Home Ambasciatori della Festa di Scienza e Filosofia DIFFERENZA TRA RICCHI E POVERI

DIFFERENZA TRA RICCHI E POVERI

1995
0
SHARE

Spartizione delle ricchezze globali

Le ricchezze nel mondo sono spartite in malo modo, la maggior parte delle ricchezze sono in mano a pochissime persone. Basta pensare che nel’ultimo anno la ricchezza complessiva del modo è aumentata del 4% ma l’ 80% di questa ricchezza se la sono intascata solo 1200 persone. La differenza tra ricchi e poveri sta aumentando sempre di più. Una cosa che mi ha stupito molto è il fatto che oltre alla ricchezza influisca sulla durata media della vita anche l’istruzione, infatti ho scoperto che al’età di 30 anni, in Italia, gli uomini con al massimo la scuola dell’obbligo hanno uno svantaggio nella speranza di vita di 4,5 anni rispetto ai laureati, mentre la differenza è di 2,8 anni tra le donne. Per quanto riguarda il confronto con gli altri Paesi europei, il divario fra il reddito della fascia più ricca e quello della fascia meno ricca della popolazione è molto più forte in Italia che in Germania e Francia, ed è straordinariamente elevato nel Mezzogiorno.
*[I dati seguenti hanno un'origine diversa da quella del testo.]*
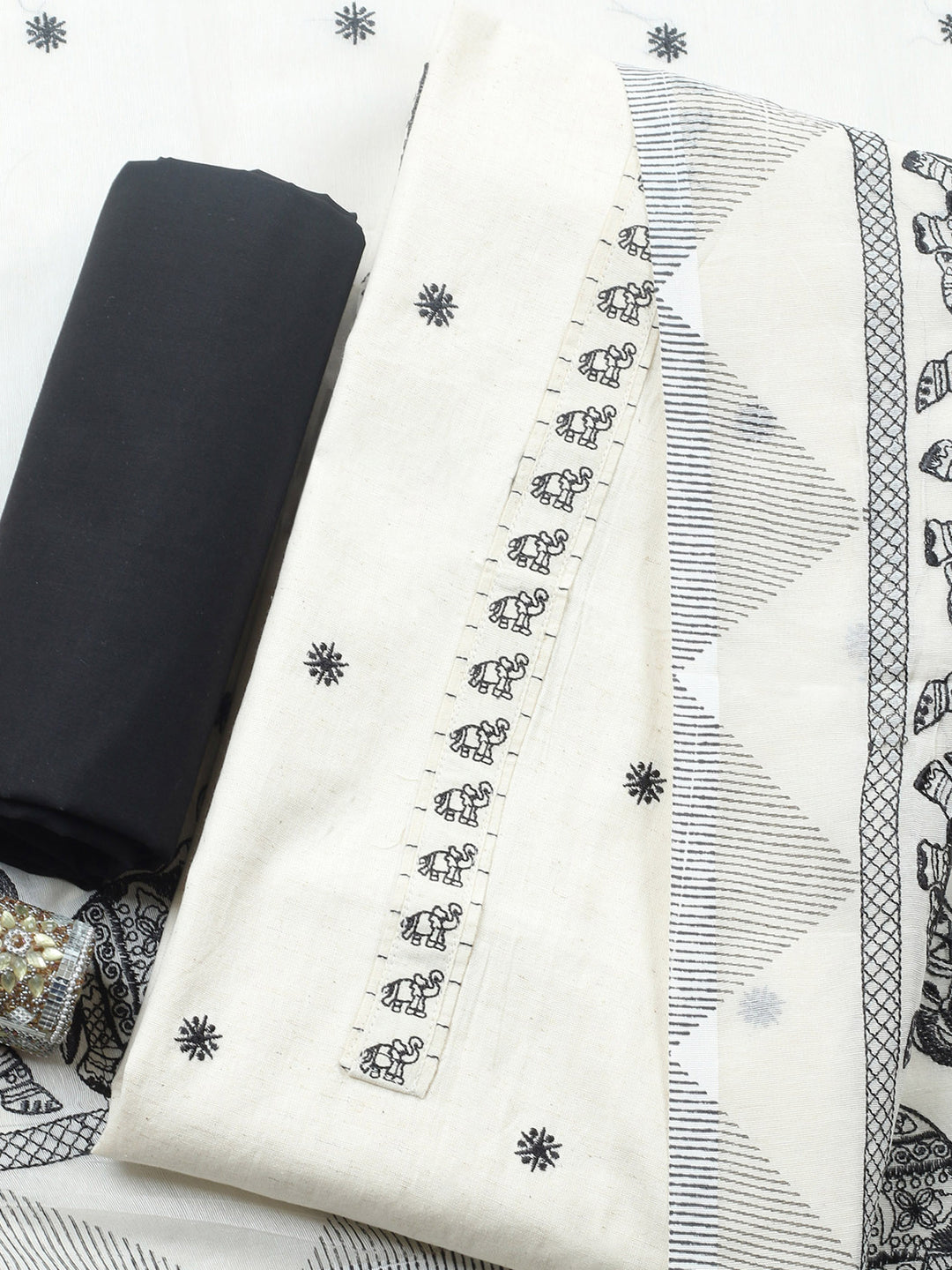 White Embroidered Cotton Blend Unstitched Suit &amp; Pant With Cotton Dupatta
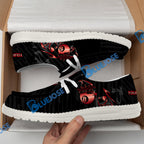 BlueJose Billiards Ball 8 Crown White Canvas Loafer Shoes (4 Colors)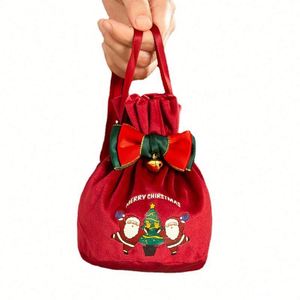 Sacs cadeaux personnalisables avec logo, écologiques, imprimés bonhomme de neige, pour bonbons de Noël, avec cordon de serrage, pour les fêtes - Product Image 1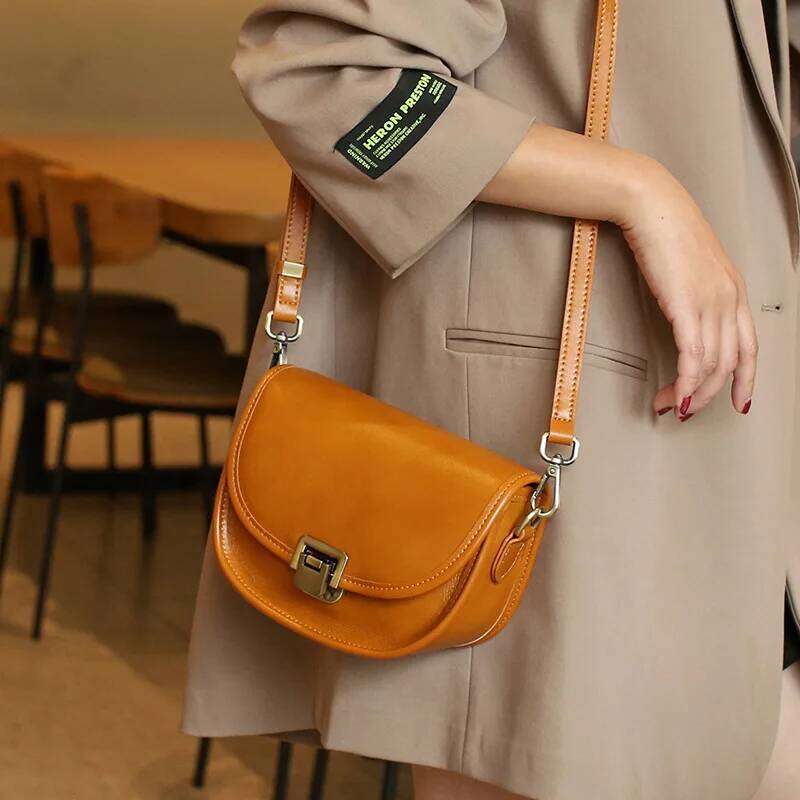 2023 New Style Real Women's Vegetable Tanned Genuine Cow Leather Single Shoulder Messenger Bag Lady Popular Purse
A questo dobbiamo aggiungere il fatto che le persone povere non si possono permettere l’istruzione e quindi possiamo affermare che siano destinate a restare povere nella maggior parte dei casi.
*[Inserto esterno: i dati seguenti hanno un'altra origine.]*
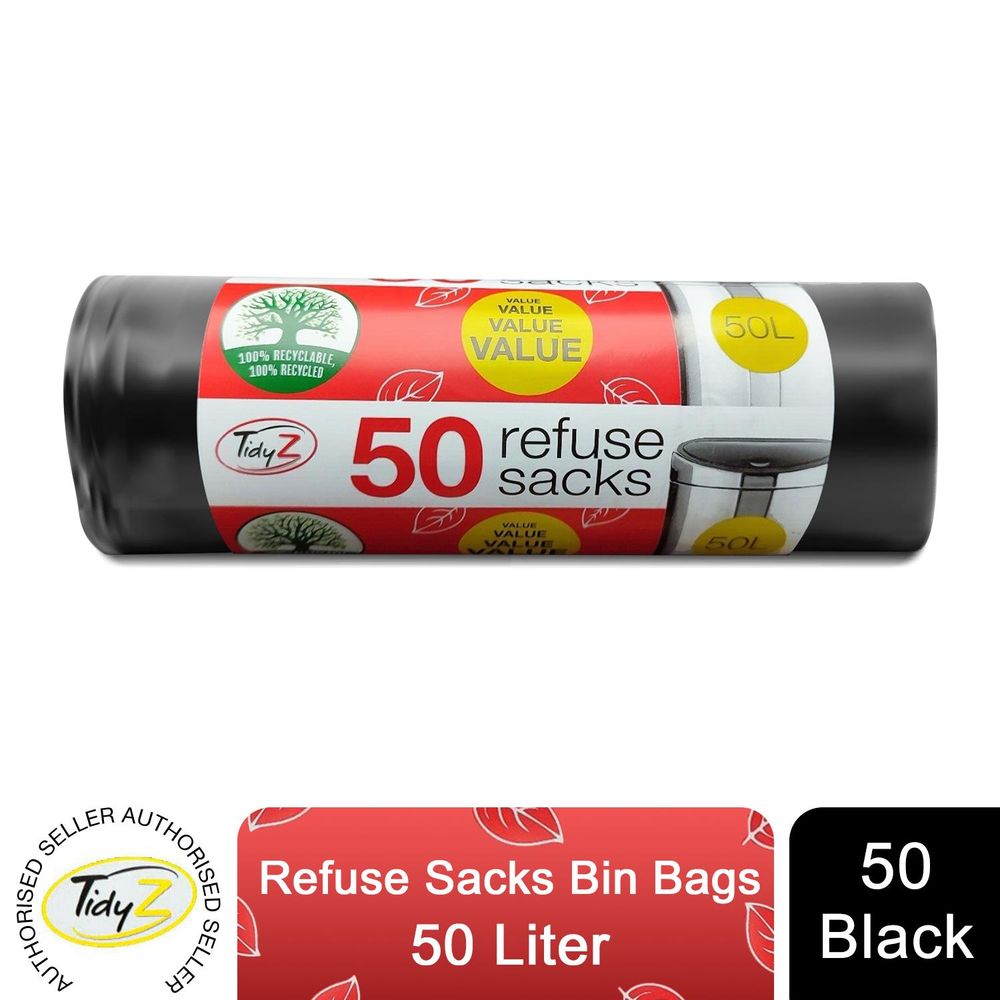 Tidyz Drawstring Refuse Sacks Bin Bags, Black,50L(Select Your Pack)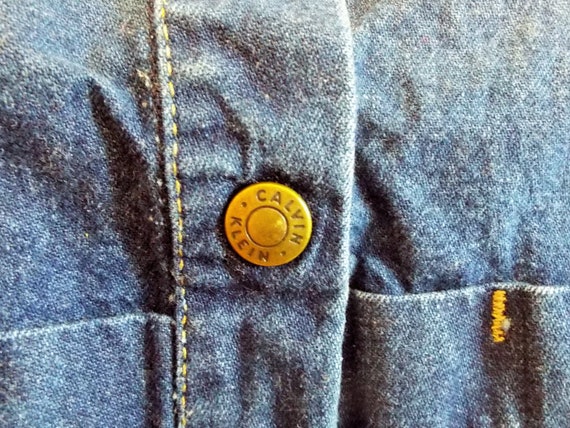 Vintage 90s Calvin Kline Vest Button Up Denim Ves… - image 7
La portata della disuguaglianza

Rispetto a 30 anni fa, l’assenza di equità nella distribuzione dei redditi si è diffusa in un numero allarmante di paesi e, dalla fine della Seconda guerra mondiale, si è attestata ai livelli più alti nei paesi dell’Organizzazione per la cooperazione e lo sviluppo (OCSE).  Le disparità di reddito risultano inoltre più evidenti se abbinate a una distribuzione della ricchezza non omogenea, specie in paesi con livelli di ineguaglianza già elevati, come gli Stati Uniti. Perfino in paesi di tradizione più ugualitaria come Germania, Danimarca e Svezia, si è assistito a un accentuarsi del divario tra ricchi e poveri. Nei paesi in via di sviluppo le disuguaglianze si stanno accentuando e stanno crescendo sempre di più. L’economia del paese sta crescendo, ma le persone che traggono un profitto da questo sono molto poche e queste persone stanno diventando molto ricche a discapito degli altri che stanno diventando molto poveri. I prezzi di tutti i prodotti in questi paesi si alzano, ma i poveri non possono permettersi più quello che si premettevano prima dato che hanno sempre gli stessi soldi.

Possibili soluzioni

Le soluzioni migliori per combattere la povertà sono la creazione di nuovi posti di lavoro e l’aumento dei salari. Il pensiero dell’aumento dei posti di lavoro è un po’ un’utopia dato che con lo sviluppo delle tecnologie i lavoratori umani sono rimpiazzati sempre in numero maggiore dai macchinari, quest’ultimi sono molto più convenienti per il datore di lavoro dato che a lungo termine costano meno del salario che bisognerebbe dare al lavoratore. Le macchine non hanno nemmeno bisogno di giorni di ferie e di giorni di malattia, vanno solamente riparate e va fatta loro una manutenzione regolare. Un’altra soluzione potrebbe essere la diminuzione delle tasse in modo che anche i poveri riescano a pagarle senza problemi e che chi attualmente non le paga sia invogliato a pagarle. Una soluzione potrebbe anche semplicemente essere prendere come modello da imitare uno stato in cui le cose funzionano bene e c’è un basso tasso di povertà, imitando questo stato si cerca di migliorare il proprio. L’ultima soluzione che mi viene in mente è l’accessibilità gratuita per tutta la popolazione alla sanità, questa soluzione agirebbe in maniera un po’ diversa dalle altre, in quanto non affronterebbe il problema direttamente, ma lateralmente. Se la sanità fosse gratuita le persone povere non dovrebbero spendere gran parte dei loro soldi per la loro salute, ma li potrebbero usare per qualcos’altro. Questo consentirebbe loro di fare una vita migliore e senza preoccupazioni.